WORK TO BE COMPLETED: In the entries below, find the line with "4XL-8XL плюс размер" and transcribe it and every line after it exactly, through the last line, without pictures.

============================================================

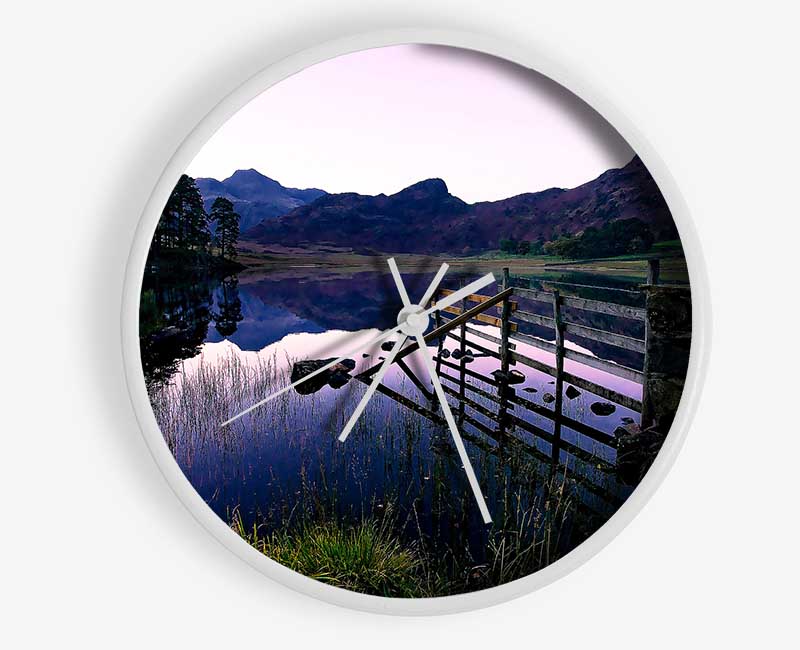 Beautiful Lake Above The Hills Clock - Wallart-Direct UK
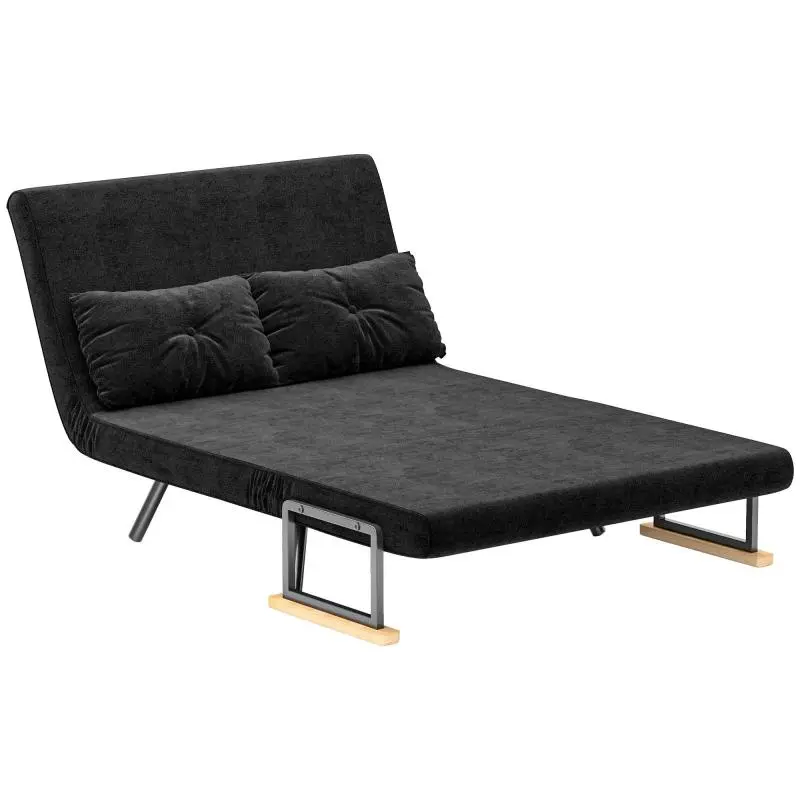 2-Seater Convertible Sofa Bed with Adjustable Backrest, Black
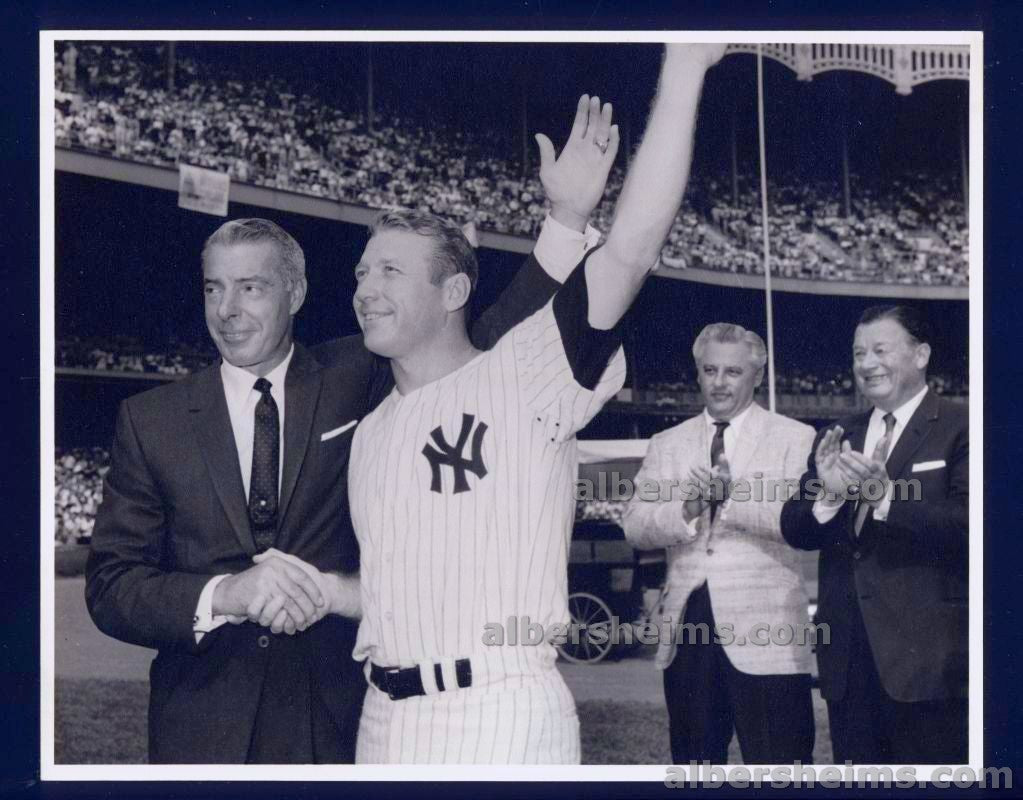 1965 Mickey Mantle Day with Joe DiMaggio & Toots Shor Original TYPE I Photo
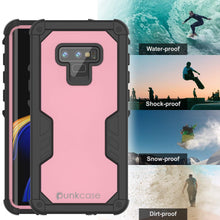 Load image into Gallery viewer, Punkcase Galaxy Note 9 Waterproof Case [Navy Seal Extreme Series] Armor Cover W/ Built In Screen Protector [Pink] (Color in image: Light Blue)
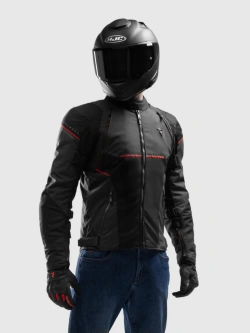 Kurtka motocyklowa tekstylna Rebelhorn Swift czarno-szaro-czerwona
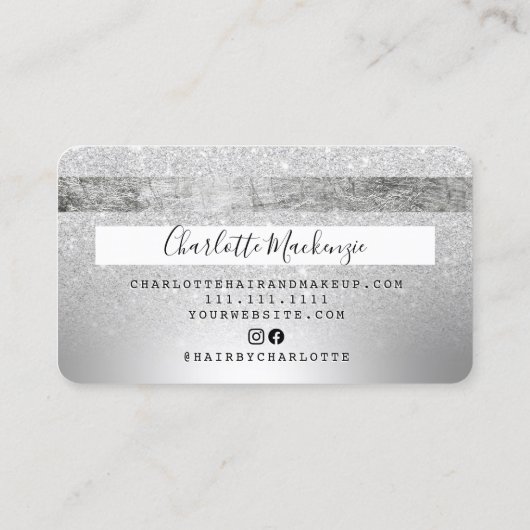 クレジットカード銀箔グリッター美しいモノグラム 名刺 (裏面)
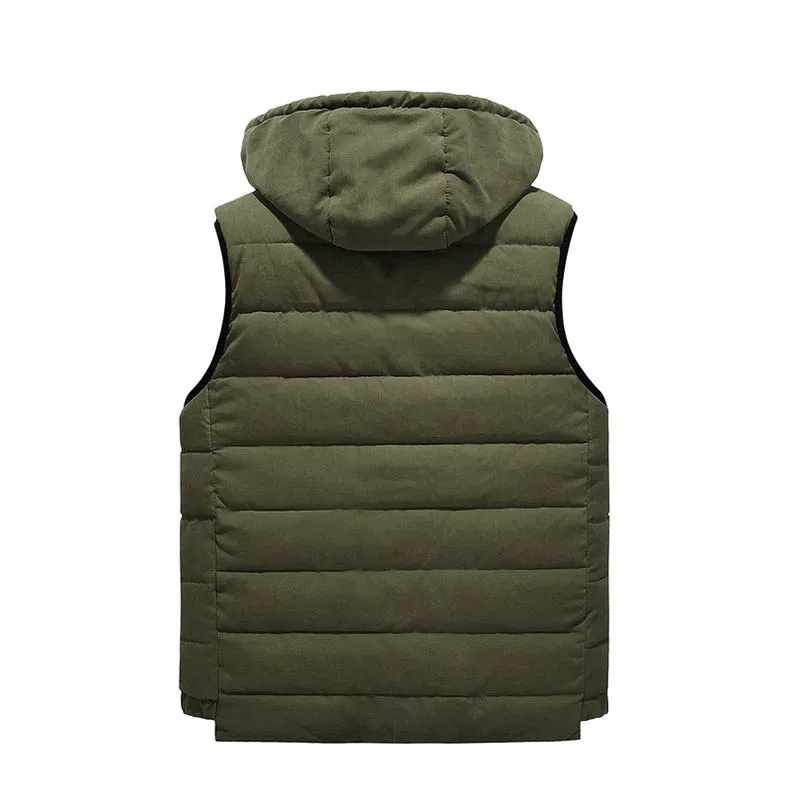 4XL-8XL плюс размер жилет мужской зимний теплый Модный повседневный рабочий жилет с капюшоном на молнии однотонный жилет без рукавов 3ZWJ14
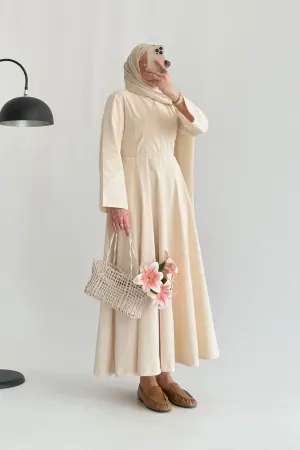 Premium Belden Oturtmalı Kemerli Elbise Ekru - Nuuwears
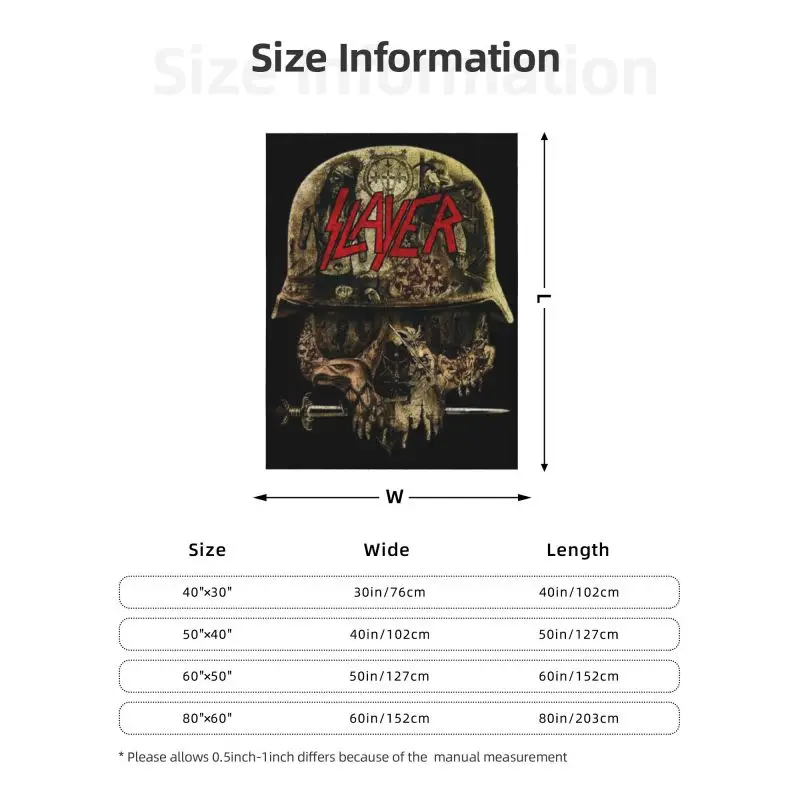 Custom Thrash Metal Band Slayers Blankets Warm Flannel Throw Blanket for Bedding Travel Sofa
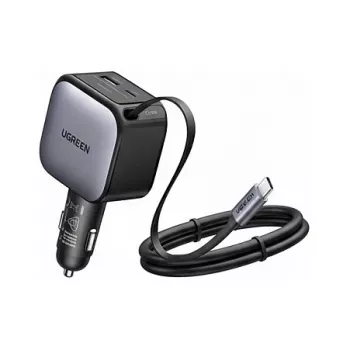 Auto lādētājs UGREEN Nexode EC603 90W 3-in-1 ar 1x USB-C, 1x USB-A un 70 cm ievelkamu USB-C kabeli, QC 3.0 PD 3.0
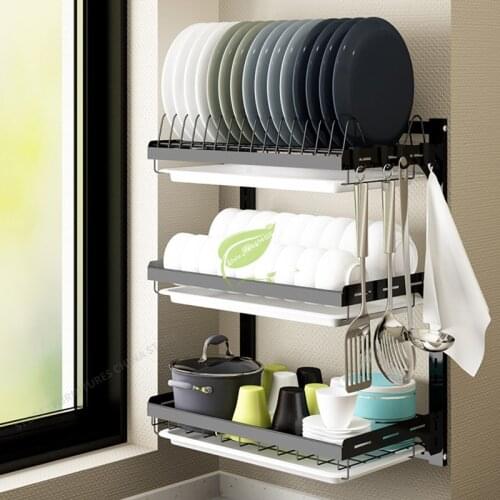 Stainless Steel Kitchen Cup Holder Multifunction Drying Rack Storage Shelf Kitchen Support Wall Hooks for Pot and Pan Dish Dryer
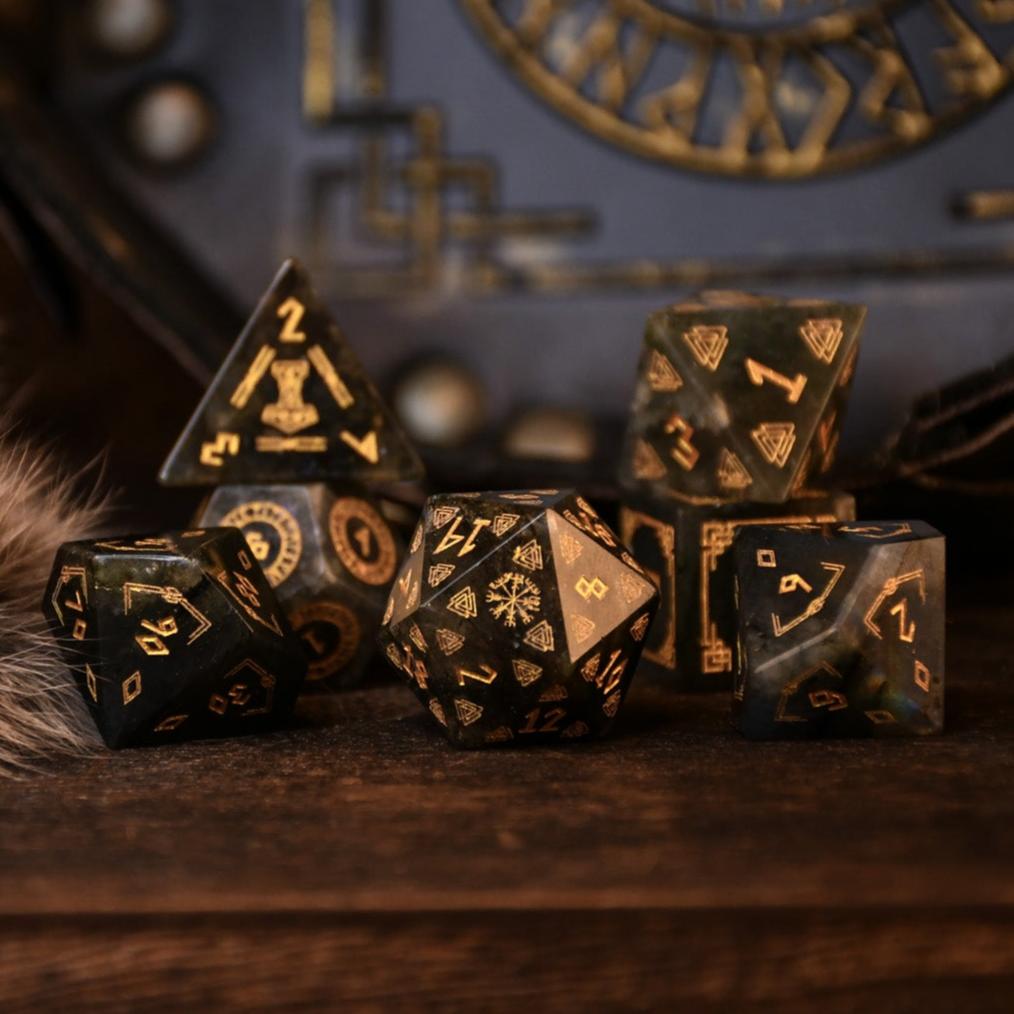 Nordic Black Labradorite Stone Dice Set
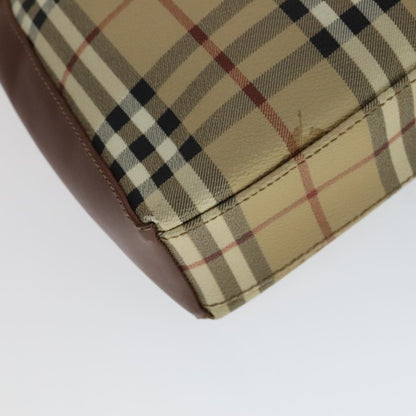 Burberry Shoulder Haymarket Coated Canvas, Beige, PVC, Shoulder bag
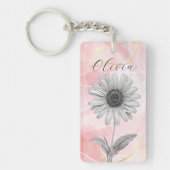 デリケート赤面ピンクデイジー花 キーホルダー (正面)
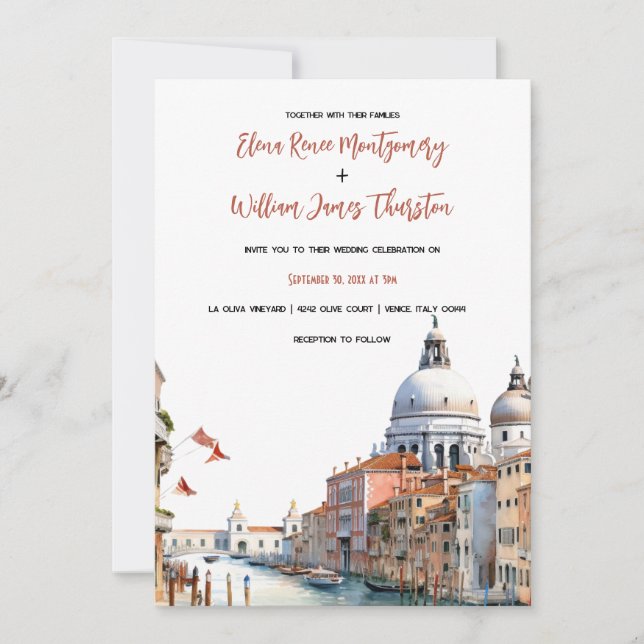 Invitación Romántica acuarela Italia Boda de destino (Anverso)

============================================================

RESULT OF THIS EXERCISE:
 4XL-8XL плюс размер жилет мужской зимний теплый Модный повседневный рабочий жилет с капюшоном на молнии однотонный жилет без рукавов 3ZWJ14
 Premium Belden Oturtmalı Kemerli Elbise Ekru - Nuuwears
 Custom Thrash Metal Band Slayers Blankets Warm Flannel Throw Blanket for Bedding Travel Sofa
 Auto lādētājs UGREEN Nexode EC603 90W 3-in-1 ar 1x USB-C, 1x USB-A un 70 cm ievelkamu USB-C kabeli, QC 3.0 PD 3.0
 Stainless Steel Kitchen Cup Holder Multifunction Drying Rack Storage Shelf Kitchen Support Wall Hooks for Pot and Pan Dish Dryer
 Nordic Black Labradorite Stone Dice Set
 Burberry Shoulder Haymarket Coated Canvas, Beige, PVC, Shoulder bag
 デリケート赤面ピンクデイジー花 キーホルダー (正面)
 Invitación Romántica acuarela Italia Boda de destino (Anverso)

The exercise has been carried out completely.